[[ DATA BELOW, beginning ]]

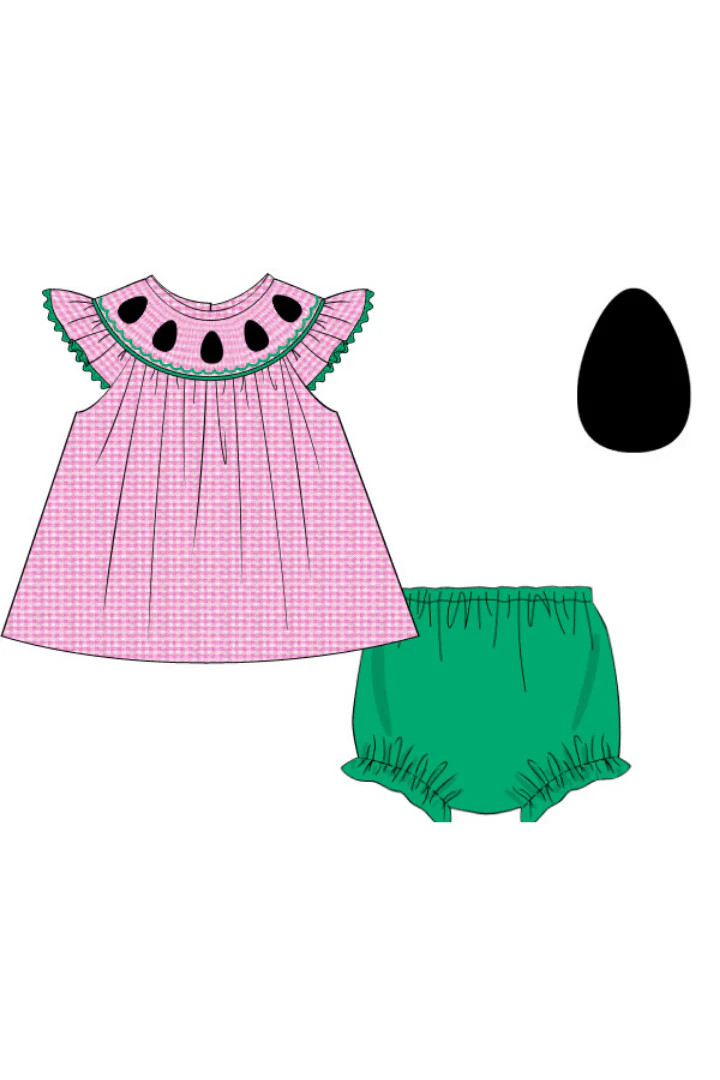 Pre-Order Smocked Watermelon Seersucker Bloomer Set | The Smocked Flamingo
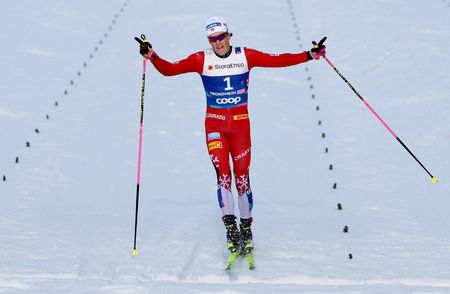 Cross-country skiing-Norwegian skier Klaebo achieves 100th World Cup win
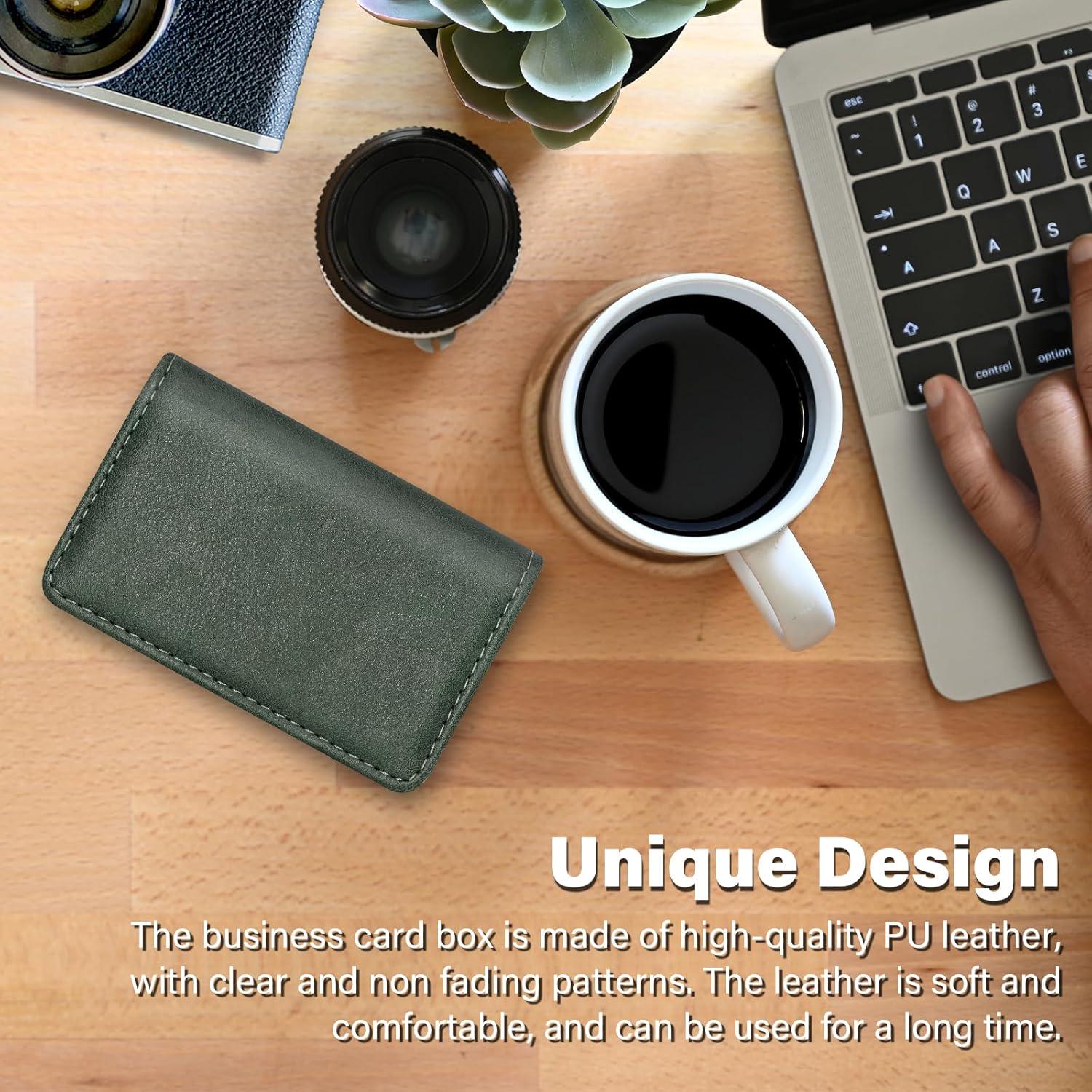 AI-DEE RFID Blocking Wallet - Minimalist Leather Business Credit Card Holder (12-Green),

[[ DATA BELOW, end ]]

▶ _TASK GOAL_
Transcribe the whole listing exactly. Pictures stay out of your copy.

▶ _REPLY TO THE EXERCISE_
 Pre-Order Smocked Watermelon Seersucker Bloomer Set | The Smocked Flamingo
 Cross-country skiing-Norwegian skier Klaebo achieves 100th World Cup win
 AI-DEE RFID Blocking Wallet - Minimalist Leather Business Credit Card Holder (12-Green),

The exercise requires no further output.